Traduction Antoine Vitez

Dramaturgie

Jean-Marie Piemme

Décor Didier Payen

Costumes  Anna Van Bree

Maquillages

Jean-Pierre Finotto

Assistanat à la mise en scène  Pol Mareschal

Lumières et mise en scène 

Philippe Sireuil

Production

THÉÂTRE VARIA, FERME DU BUISSON DE MARNE-LA-VALLÉE, LES GÉMEAUX/SCEAUX, CONSEIL GÉNÉRAL DES HAUTS DE SEINE & COMÉDIE DE GENÈVE.

avec la participation du jeune  théâtre national







 
 

“ Quelles seront donc les particularités de votre mise en scène ?

En quoi se distinguera-t-elle de celles qui l'ont précédée

récemment ? Quels traits allez-vous souligner ? Que

cherchez-vous à raconter au travers de cette pièce ? Pourquoi

encore une fois La mouette ? ” Les questions me laissent pantois,

tétanisé presque, et à chaque fois, il me semble que je ne peux

que décevoir mon interlocuteur. Voilà huit semaines qu'ont

commencé les répétitions, et toujours cette même sensation - ô

combien dangereuse je le sais bien - d'une évidence qui me

refuse toute explication intelligible, docte, réfléchie. “Je me

débats encore dans un chaos de rêves et d'images, ne sachant

à quoi ni à qui cela peut servir” dit Treplev : souffrance et

morosité en moins, me voilà toujours au même stade que

lui. Et pourtant, cette pièce, il me semble bien la connaître,

d'avoir depuis longtemps vécu avec elle. La première fois

que j'en ai entendu parler, je devais avoir onze ou douze

ans ; ma soeur aînée rentrait toute bouleversée d'une

représentation à laquelle elle avait assisté en matinée

scolaire. Plus tard, très jeune homme, j'ai lu

La mouette ; puis relu. Sans doute est-ce la pièce

de tout le répertoire que j'ai le plus souvent

parcourue, tantôt suivant respectueusement

la chronologie des actes, tantôt au détour d'une scène piquée au

hasard des pages écornées.

Aujourd'hui, je mets en scène La mouette.

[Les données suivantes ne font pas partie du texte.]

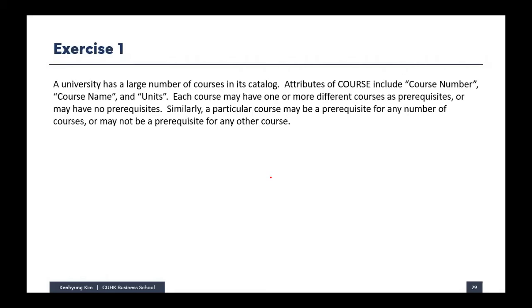It's good to try by yourself first. Here is exercise one — it's a simple one. Basically, it's about the university offering courses.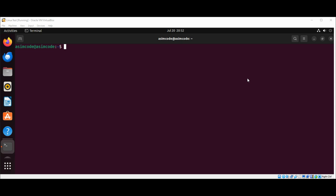I already have node.js. So next will be how to install the Vue CLI. We can use the command on our terminal. I will add sudo just to be safe. npm install -g @vue/cli. And just hit enter.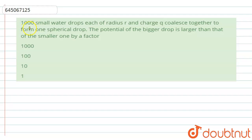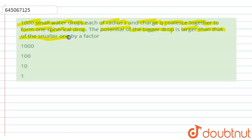The given question is: a thousand small water drops, each of radius r and charge q, coalesce together to form one bigger drop. Find the potential of the bigger drop compared to that of the smaller drop by a factor. The given options are thousand, hundred, ten, and one.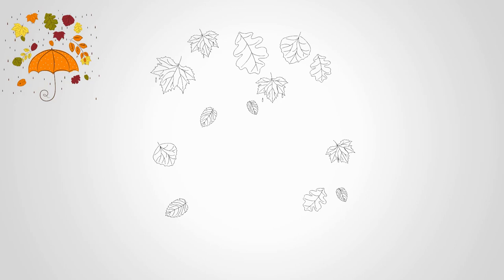Moving on to the centerpiece of our drawing, the umbrella. We want it to make a statement, so let's make it large and open. Picture those raindrops falling onto the umbrella's surface,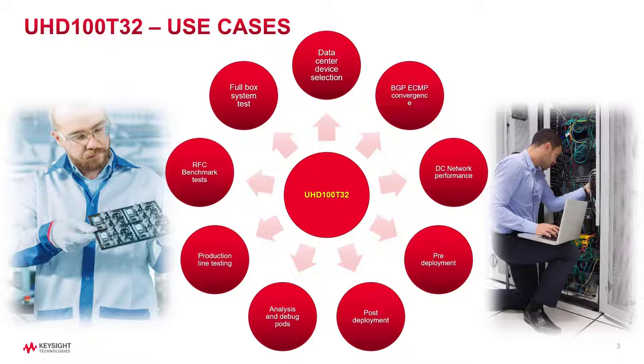the NEMs manufacturing white boxes for data centers, UHD can fill the needs for production line testing and match the density of the switches being tested. Now it is easy and affordable to do a full box testing and not compromising by doing limited coverage snake tests.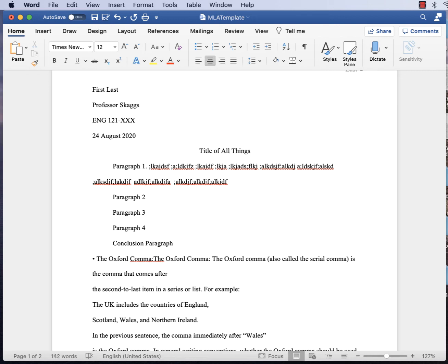For title case, capitalize all major words. This is different from APA and Chicago style. That means no conjunctions — don't capitalize 'and,' 'but,' or 'or.' Don't capitalize prepositions. FANBOYS — For, And, Nor, But, Or, Yet, So — and articles like 'a,' 'an,' and 'the' do not need to be capitalized. Everything else has its first letter capitalized.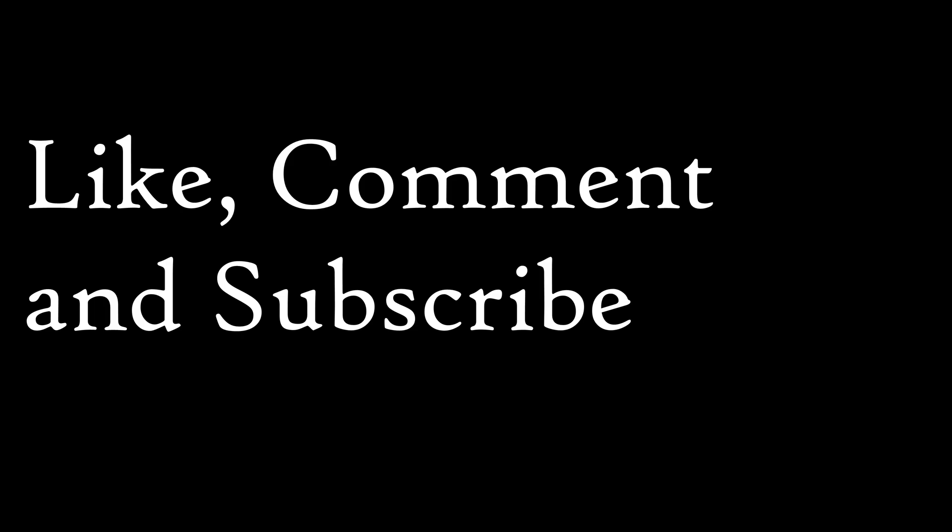If you found any of this helpful, please consider dropping a like and subscribing for more. It really helps out the channel.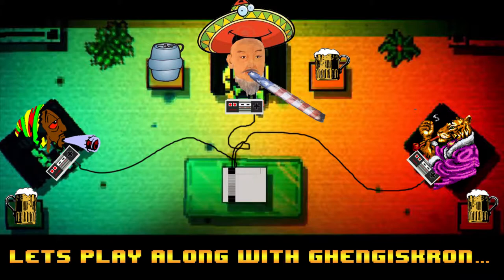What up everybody, welcome to yet another indie game along with Genghis Kron. We are still in our 13 days leading up to Halloween — we're almost there, just a couple days away. We are jumping into a game called Horror Paintings Parodies, a goofy game I found on Game Jolt. It came out on 23/14 of this year, about six days ago or so.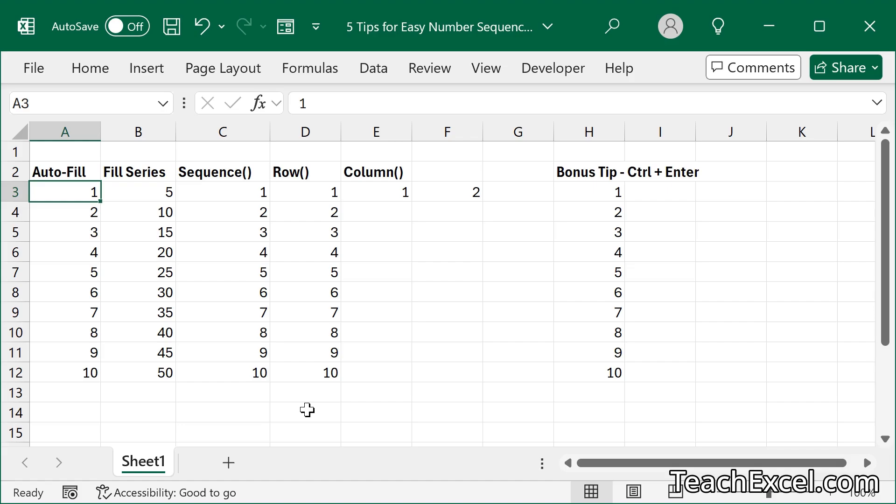Welcome to this Excel tutorial where I'm going to show you five simple tips for creating number sequences in your worksheet.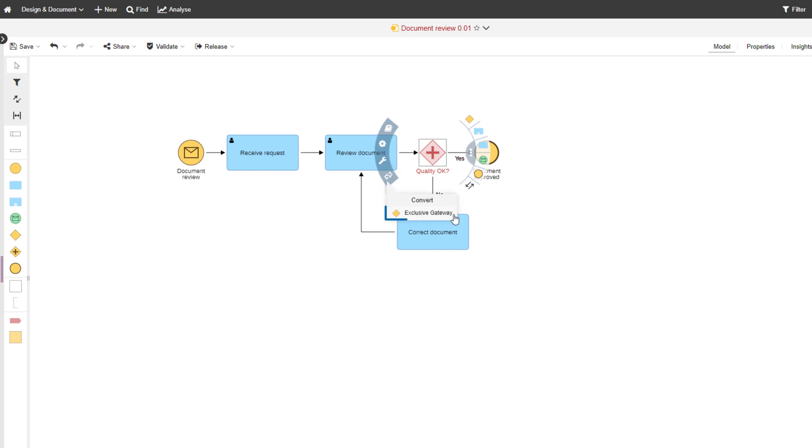This gateway needs to be converted to an exclusive gateway for it to show that only one alternative can happen.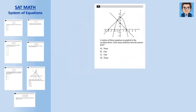Graphically, the solution to a system of equations is the point that lies on every graph in the system. For this problem with three equations and three graphs, the solution is where all three lines meet. Looking at the graph, there is only one such point that's on all three lines, so this system has exactly one solution.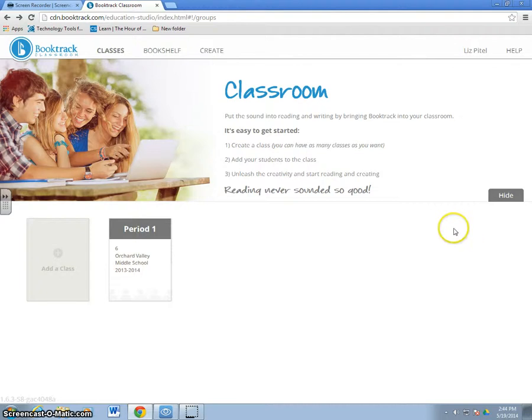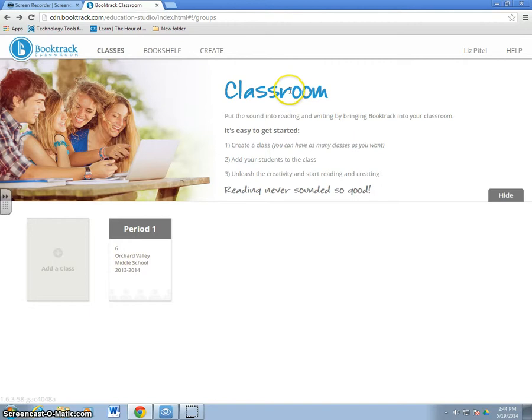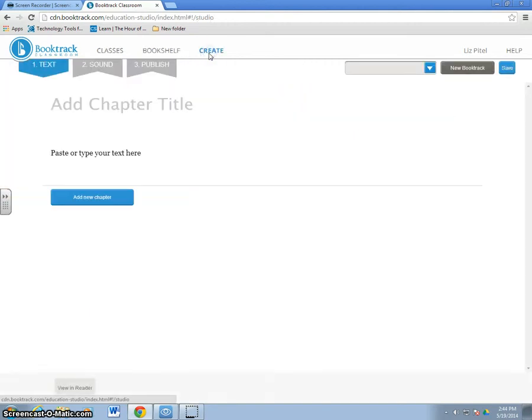Today we're going to learn how to use BookTrack Classroom. When you first log in, you'll be taken to this screen here. You're going to click on Create.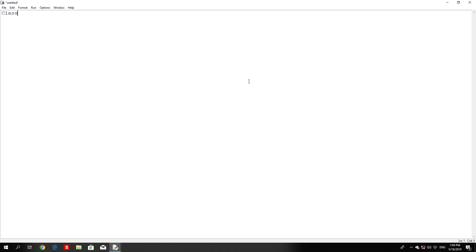Inside a certain class, when you create a function, that function is called a method. The next thing in a class is a class variable, which is the variable shared by all instances of a class. Class variables are defined within a class but outside of any class methods. Class variables are not used as frequently as instance variables. What you need to remember is that class variables are coded at the beginning of the class, outside of any specific method. A method is a special kind of function defined in the class definition itself.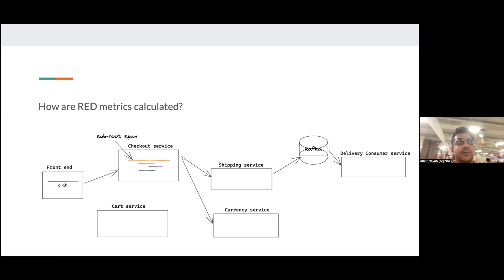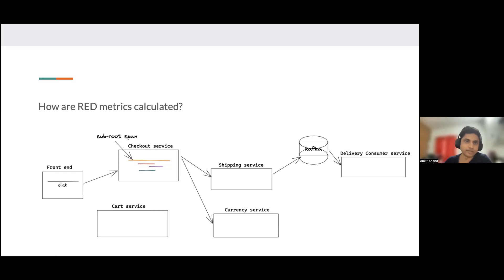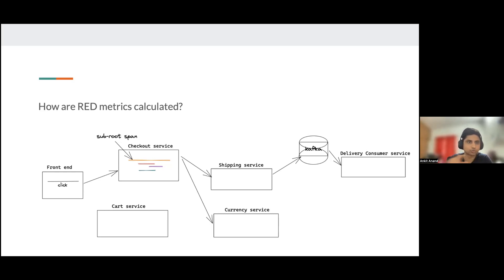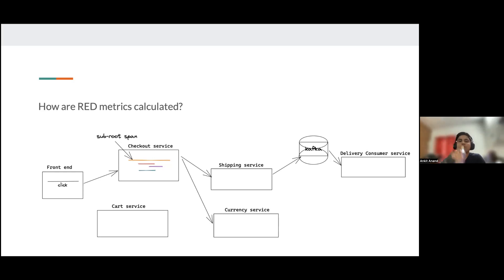Before jumping to solutions, we're collecting the problems first. One other point: sometimes the RED metrics shown in the charts page for a specific service look different from what's shown in the services listing page column. Some users have also reported this. There is some skew, but it's not off by a huge margin.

La phrase est limpide, mais je bute sans cesse pour poursuivre, comme si le simple énoncé du titre de cette pièce maintes fois mise en scène - et par les plus grands - maintes fois commentée, disséquée, m'empêchait d'articuler tout point de vue, de rédiger toute note d'intention, toute ébauche de projet dramaturgique, intimidé que je suis dans l'approche de ce texte matrice du théâtre européen du vingtième siècle et de l'écriture contemporaine. “Il faut des formes nouvelles. Des formes nouvelles, oui, et s'il n'y en a pas, mieux vaut rien du tout” dit Treplev. Quinze années plus tôt, j'aurais suivi aveuglément cette ligne de conduite, persuadé que j'étais de la “mission” que je m'étais dévolue et sans doute alors aurais-je pu avoir le “discours sur” tant réclamé. Mais voilà, le temps a passé et à cette exigence pubère qui s'est effacée, d'autres se sont ajoutées, plus souterraines, plus essentielles sans doute, mais qui résistent à la publication. J'emprunterai donc à Tchekhov lui-même : “Il faut rendre les souffrances comme elles s'expriment dans la vie, c'est-à-dire non avec des gestes, des mains et des pieds, mais avec une simple intonation, un regard. Pas de gestes, mais de la grâce.” écrit-il à Olga Knipper. Pas de gestes, mais de la grâce. “Allez-vous débrouiller avec ça !”  me dit péremptoirement Medvedenko l'instituteur. Pas de gestes, mais de la grâce: la formule est belle, c'est vrai, mais qu'en faire dans l'espace concret du plateau ? “Dans une pièce, il doit y avoir forcément de l'amour”, me souffle Nina. Et Dorn, le docteur qui pérore : “Seul est beau ce qui est sérieux.” “Tout ça, c'est des sottises.” affirme Macha. Bref, je mets en scène La mouette. “Et voilà tout” ricane Sorine.